When The New York Times puts a target in its sights, the Grey Lady goes hard:
In numerous interviews, other architects, academics and builders say that [Santiago] Calatrava is amassing an unusually long list of projects marred by cost overruns, delays and litigation. It is hard to find a Calatrava project that has not been significantly over budget. And complaints abound that he is indifferent to the needs of his clients…
Mr. Calatrava is likely to come under renewed scrutiny in New York as building continues on one of his latest projects, the new PATH train station at ground zero. It is expected to open in 2015 but is six years behind schedule and will cost $4 billion, twice the original budget.
Critics of the project, commissioned by the Port Authority of New York and New Jersey, find the final price tag hard to believe. (In January 2012 an independent audit of the Port Authority concluded that the agency was “a challenged and dysfunctional organization.”) But several executives who have been involved in construction at the World Trade Center site, who did not want to speak on the record because of their relationship with the project, said Mr.
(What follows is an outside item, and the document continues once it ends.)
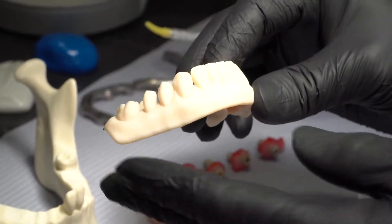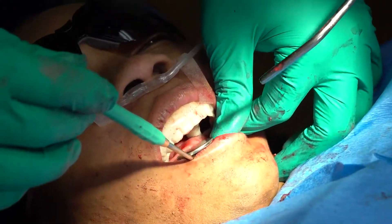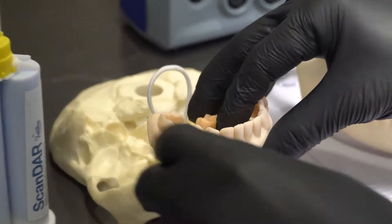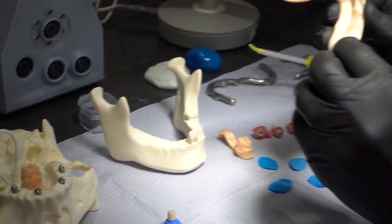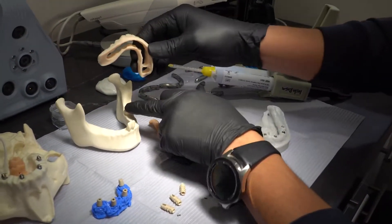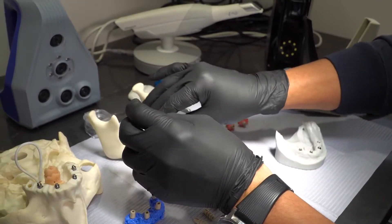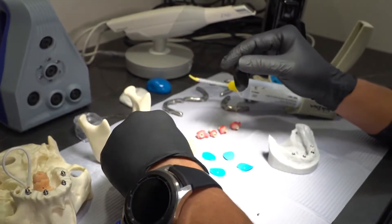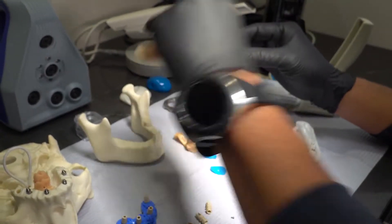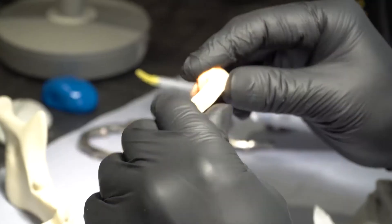Here we have one of our window templates to help doctors reduce bone and also to see the angulation of the multi-units when placing them in the mouth. We also see that on top of the tooth, so it can guide us to stabilize the window template. We don't use pins or anything like that — we basically take it out and put it back.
Calatrava’s designs were problematic, too, calling for hugely difficult construction, including a vast underground chamber. In addition, they said, he demanded that surrounding buildings house all the station’s mechanical elements, like ventilation, which complicated construction and called for time-consuming coordination.
The Port Authority declined to discuss the cost overruns and issued a one-sentence statement: “Early estimates for the transportation hub were based on conceptual designs and were therefore unrealistic.”
In Calatrava’s Spanish hometown, politicians aren’t as quick to lay the blame for cost overruns on the shoulders of so-called conceptual designs. Ignacio Blanco, a member of the Valencia parliament which has had its fair share of disputes with its native son, says that Calatrava’s designs — upon which cost estimates and funding requests are based — are devoid of necessary detail. “Other architects, they know exactly the door handles they want, and where to buy and at what cost,” he said. “But Calatrava is the opposite. His projects do not have this degree of precision. If you look at the files on the aquarium, which was built by someone else, they are fat. But there are just a couple of pages on the Calatrava projects.”
I’ve been highly critical of the PATH WTC station for years now. It’s a glorified subway station that will cost taxpayers $4 billion. It’s a vanity project developed by a starchitect who has made it about him and his contributions to the New York scene rather than about a cost-controlled transit improvement. The mistakes of PATH and the mistakes of Calatrava should be a lesson to the various New York stakeholders at plans to expand or rebuild Penn Station move forward. This is a mess that didn’t have to be a mess.